**SUPPLIED INFORMATION:**
--- START ---

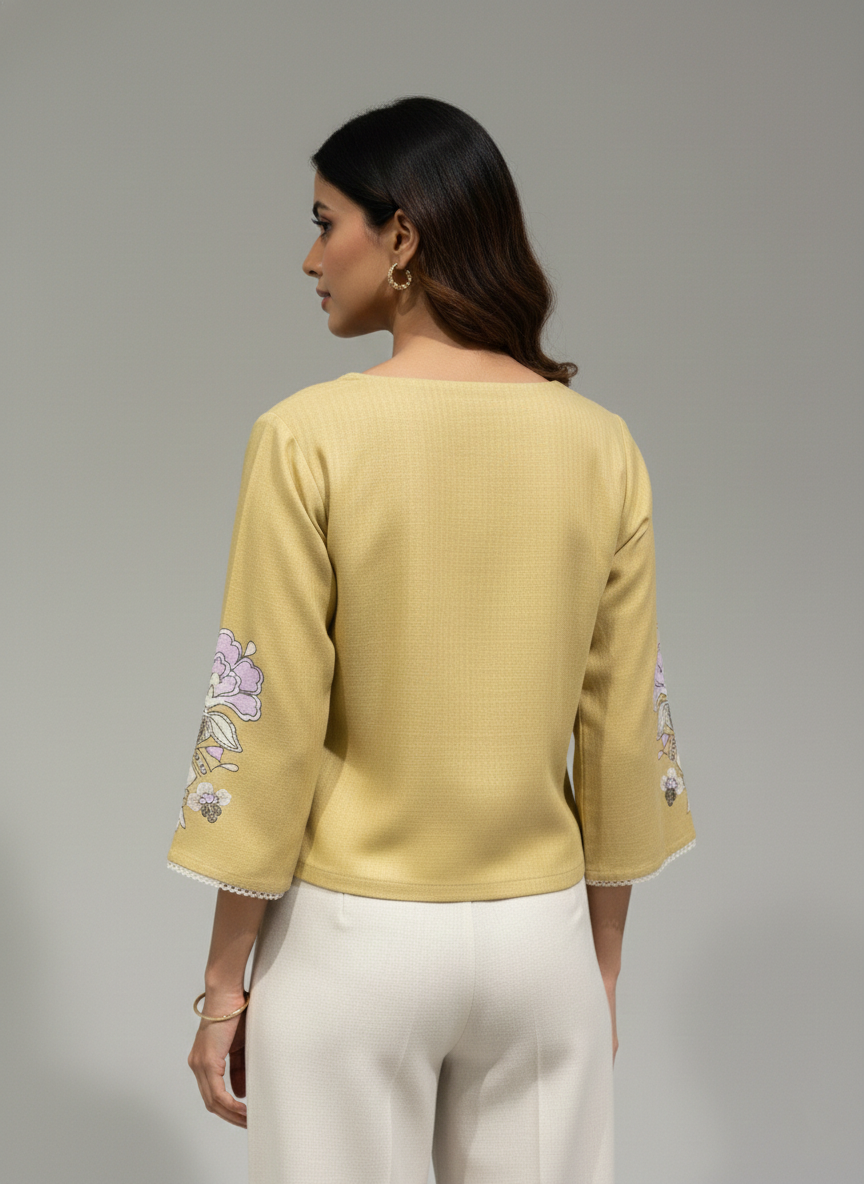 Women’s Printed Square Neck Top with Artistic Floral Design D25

--- END ---
--- START ---

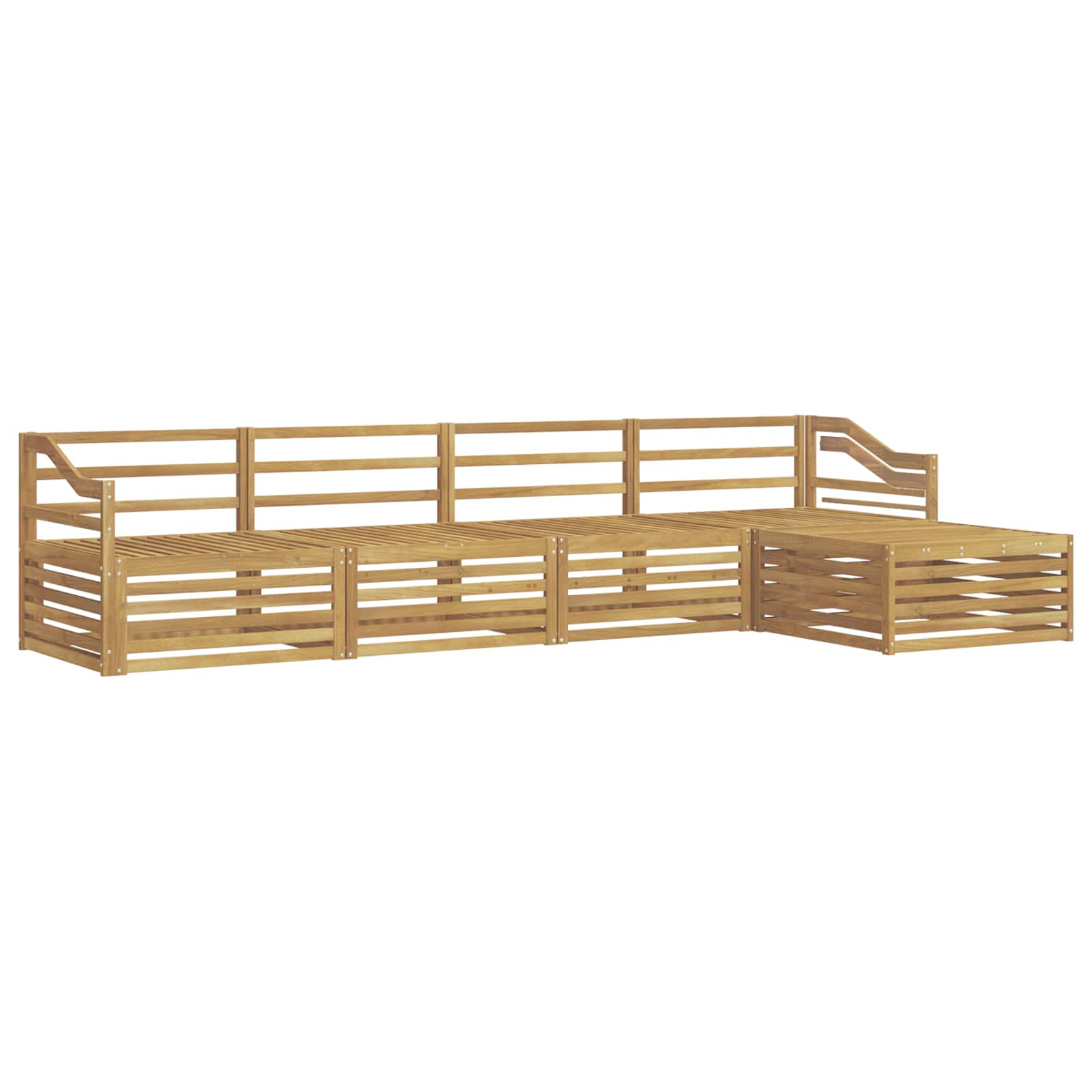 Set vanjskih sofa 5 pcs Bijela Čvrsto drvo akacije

--- END ---
--- START ---

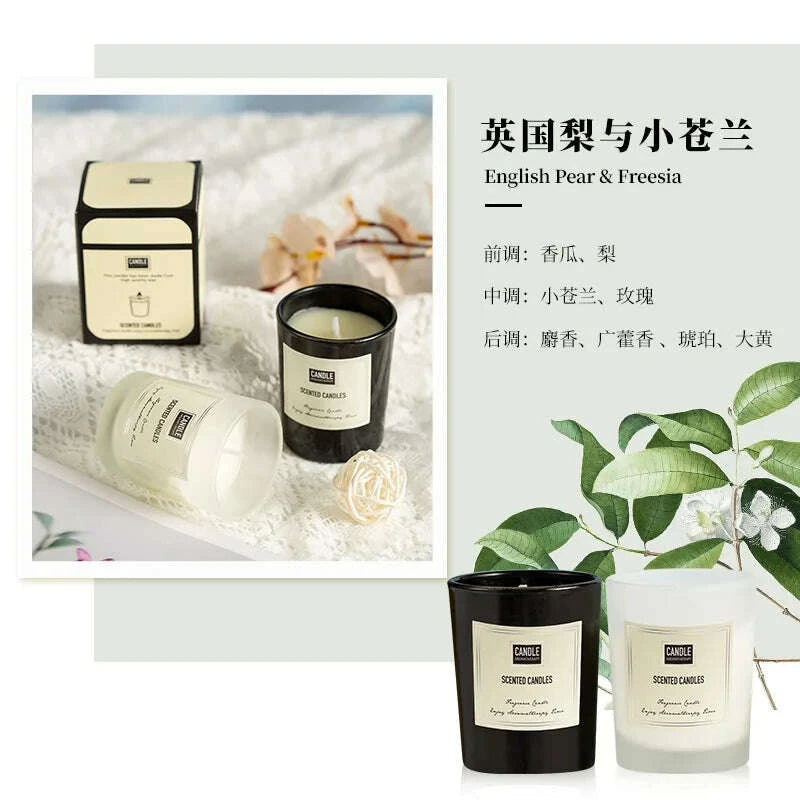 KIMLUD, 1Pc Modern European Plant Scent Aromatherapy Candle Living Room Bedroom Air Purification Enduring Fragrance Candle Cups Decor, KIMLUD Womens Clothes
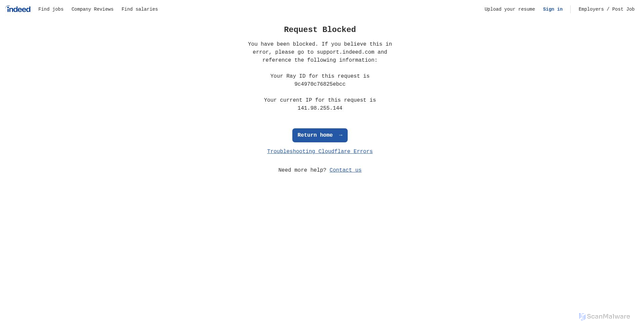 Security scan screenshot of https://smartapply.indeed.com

--- END ---

**YOUR OBJECTIVE:** Would you copy, word for word, only the lines above from the one containing "KIMLUD, 1Pc Modern" through the one containing "Security scan screenshot", both included, and please leave out the pictures?

**WORKED SOLUTION:**
 KIMLUD, 1Pc Modern European Plant Scent Aromatherapy Candle Living Room Bedroom Air Purification Enduring Fragrance Candle Cups Decor, KIMLUD Womens Clothes
 Security scan screenshot of https://smartapply.indeed.com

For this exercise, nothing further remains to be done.